В своих «Воспоминаниях» Шпеер создавал легенду о себе как молодом политически наивном архитекторе, которого заворожили Гитлер и перспектива мировой славы: мы уж не говорим о его поведении во время Нюрнбергского процесса. Нам представляется, что выдающийся архитектор был также весьма ловким царедворцем, который, не будучи представителем «старой гвардии» смог занять один из важнейших постов в нацистской иерархии. Серьезные исследователи утверждают, что в конце второй мировой войны он стал по сути дела вторым человеком государстве после Гитлера, значительнее Геринга, Гиммлера и Геббельса.

Несколько примеров из архитектурной практики Шпеера позволят нам проиллюстрировать эту, царедворческую, сторону его жизни. Так в начале своей стремительной карьеры Шпеер разработал теорию «живописных развалин», приведшую Гитлера в восторг. Она заключалась в том, что даже после разрушения здания должны производить величественное впечатление, соизмеримое с развалинами античных городов. В этих целях для строительства необходимо применять преимущественно натуральные материалы. Понятно, что речь в данном случае шла о государственных и общественно значимых постройках.

Другой пример: в ходе подготовки Олимпиады 1936 года Гитлеру был представлен проект стадиона из бетона с застекленными перегородками. Вождь был взбешен, он даже заявил, что его ноги не будет на этом стадионе. В воздухе запахло международным скандалом, — мероприятия подобного рода должен открывать глава государства-хозяина. Выход из этой ситуации нашел Шпеер, который несколько изменил проект, ориентируясь в первую очередь на натуральные материалы. Олимпиада, таким образом, была «спасена» и послужила прекрасной рекламой нацистскому режиму.

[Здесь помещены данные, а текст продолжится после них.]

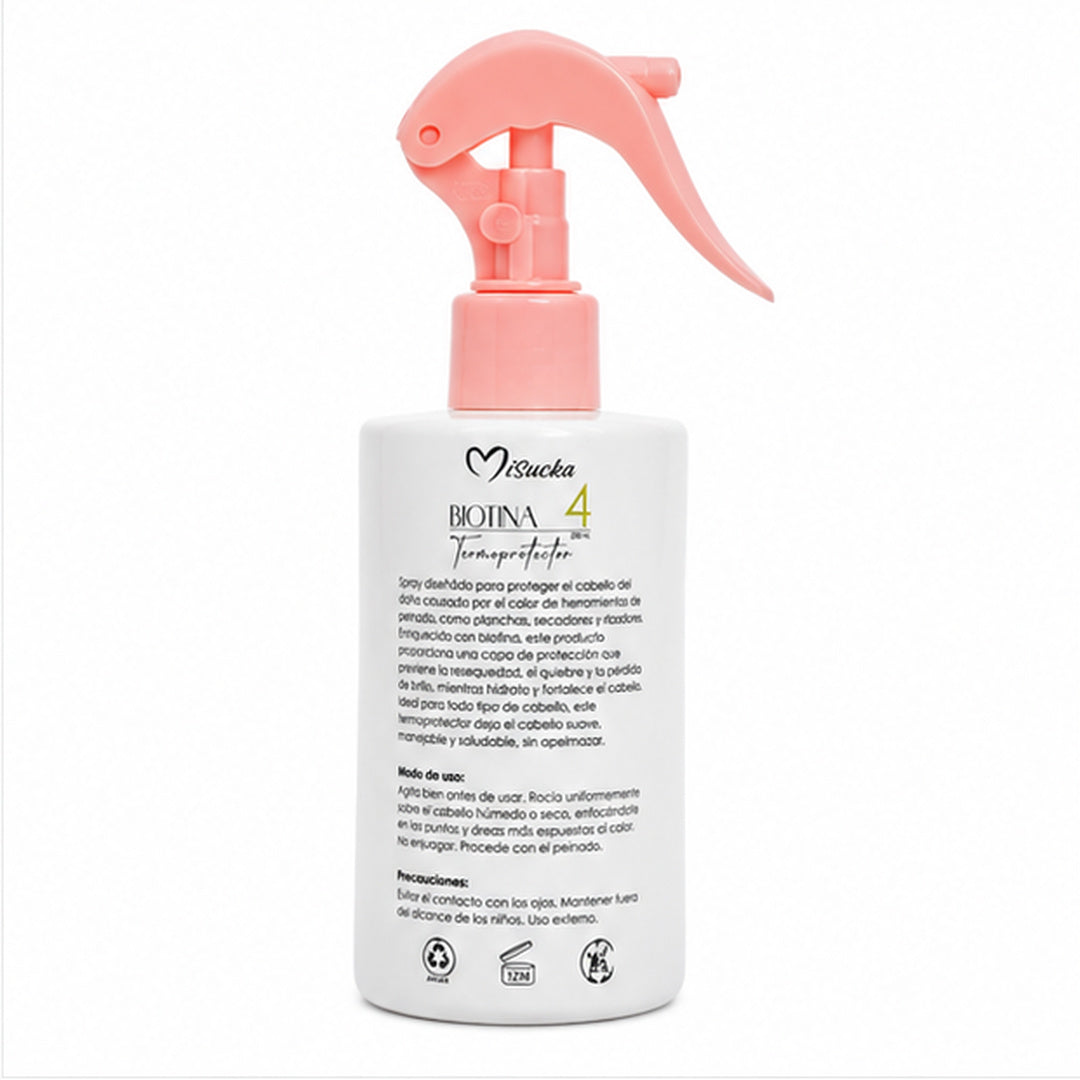 Termoprotector capilar Misucka Biotina paso 4 - vista 3 del producto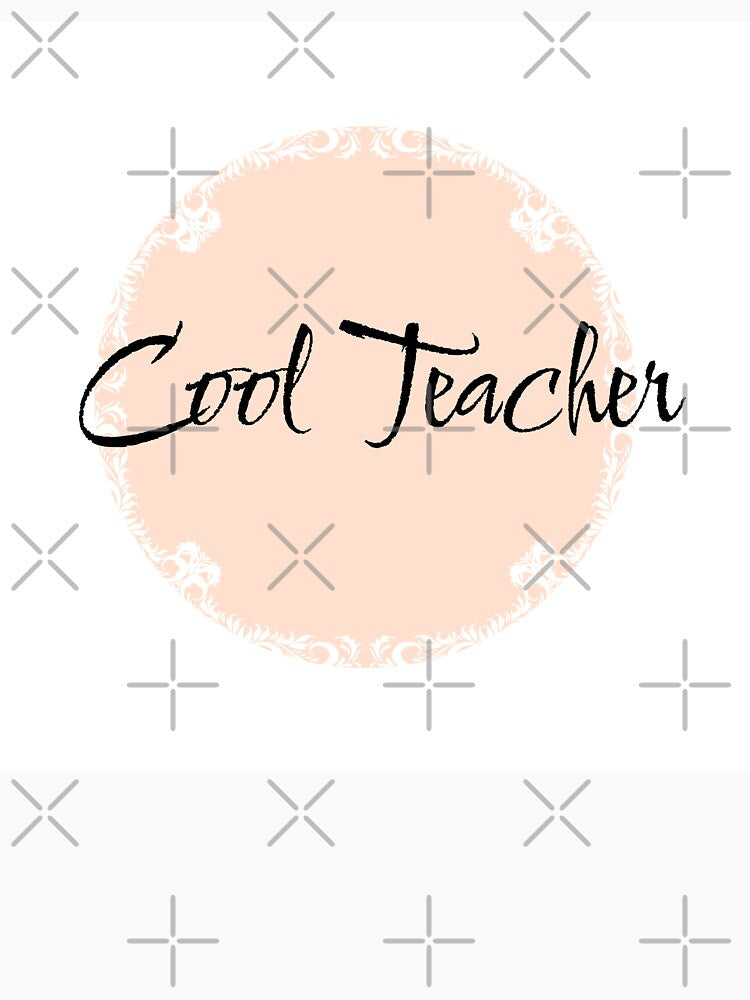 Cool Teacher – Appreciation Typography Design by Swati's Digital Den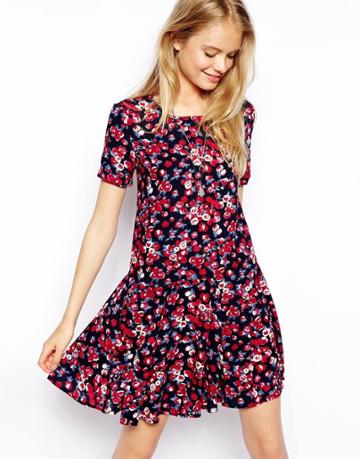 Pepe Jeans Dark Floral Dress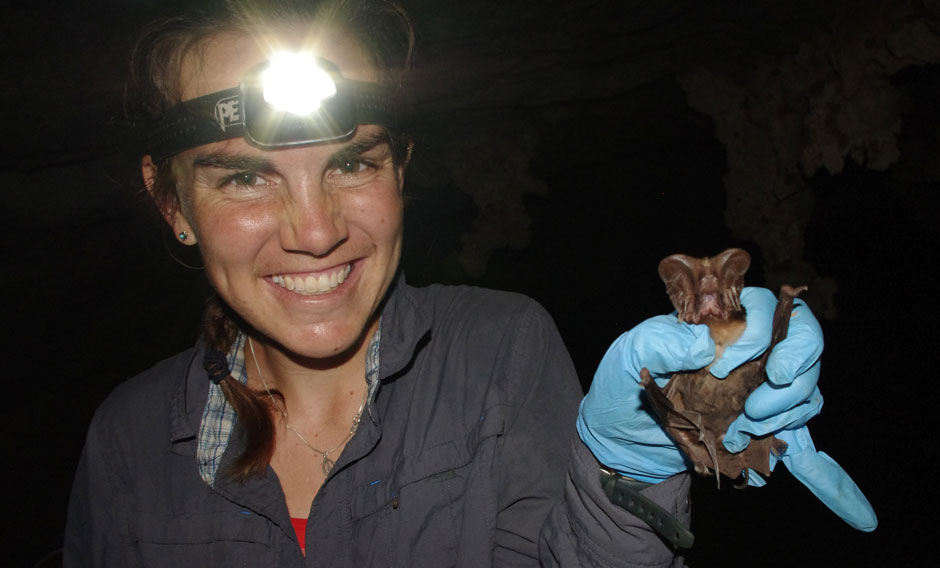 Cara Brook with Bat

В благодарность за эту и предыдущие заслуги Гитлер поручил Шпееру строительство нового здания рейхсканцелярии, ибо старое здание не устраивало его по соображениям международного престижа, равно как и раздражало эстетические вкусы. Архитектор в короткие сроки представил проект, и работа закипела. На всю стройку отводился год: позднее Шпеер утверждал, что это было самое легкомысленное обещание, данное им за всю жизнь. Тем не менее, строителям удалось уложиться в отведенные сроки, более того, все работы были завершены за двое суток до официальной даты открытия. 10 января 1939 года Гитлер получил новую резиденцию, откуда он немедленно начал проводить политику европейского, а в перспективе и мирового господства 5.

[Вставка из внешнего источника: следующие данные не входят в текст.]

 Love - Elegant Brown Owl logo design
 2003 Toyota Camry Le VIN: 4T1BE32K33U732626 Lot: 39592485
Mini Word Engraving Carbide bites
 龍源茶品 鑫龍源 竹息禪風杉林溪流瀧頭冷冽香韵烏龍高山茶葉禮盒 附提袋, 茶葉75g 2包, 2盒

Теперь не мешало бы подробнее остановиться на истоках той «монументальной эстетики», которая так блистательно была воплощена в шпееровских проектах. Свой стиль немецкий архитектор старался вести от дорического ордера. Показательно, что свою первую заграничную поездку он совершил именно в Грецию, а не в Италию. Позднее, однако, Шпеер признался, что категории «классический» и «простой» никак не могут быть отнесены к тем гигантским пропорциям, которые использовались при сооружении зданий по его проектам. В данном случае злую шутку с ним и его патроном сыграло то преклонение перед античной Грецией, которой были одержимы многие деятели немецкой культуры XVIII-XX столетий, начиная с ее первооткрывателя — И.-И. Винкельмана.

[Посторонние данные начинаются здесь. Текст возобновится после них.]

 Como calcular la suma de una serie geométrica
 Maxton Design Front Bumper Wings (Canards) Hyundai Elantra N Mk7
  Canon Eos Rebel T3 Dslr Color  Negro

В данной связи можно вспомнить некоторые мысли Гитлера, посвященные интересующей нас теме. Так в дневнике Геббельса сохранилась любопытная запись, датированная 8 апреля 1941 года: «Фюрер — совершенно античный человек. Ему ненавистно христианство, исказившее в человеке все благородное. Христианство и сифилис, согласно Шопенгауэру, сделали человечество несчастным и несвободным. Какое различие между благодушно улыбающимся Зевсом и распятым Христом, корчащимся от боли. Античный взгляд на Бога несравненно благороднее и гуманнее христианского. Какая разница между мрачным собором и светлым, пронизанным воздухом античным храмом. Он описывает жизнь в Древнем Риме — ясность, величие монументальность. Самая удивительная республика в истории… Фюрер не имеет с готикой ничего общего. Он ненавидит сумрачный и расплывчатый мистицизм. Он хочет ясности, света, красоты. Это — жизненный идеал нашей эпохи. Фюрер — тотально современный человек» 6.

Эти мысли, записанные в разгар греческой кампании вермахта, объясняют приказ Гитлера, запретившего любые бомбардировки Афин — города, который наряду с Римом, оказался для вождя национал-социализма своеобразной Меккой. Причем, если в случае Рима речь идет о политическом («имперском») образце, то в случае Греции следует говорить об образце культурном, точнее — культурном и расово-антропологическом. Это относится, например, к высокой оценке творчества Мирона, звучащей в следующем пассаже Гитлера: «2.5 тысячелетия до нас этот каменотес увидел человеческое тело так, что…его следует признать естественным в самом высоком смысле этого слова» 7. Соответственно, современные деятели культуры должны стремиться к достижению такого же уровня, а по возможности и превосходить его. 24 октября 1939 года Гитлер, в разговоре со своим министром пропаганды, характеризуя эволюцию идеала женской красоты на протяжении первых десятилетий XX века, констатировал: мир устремляется к новой античности.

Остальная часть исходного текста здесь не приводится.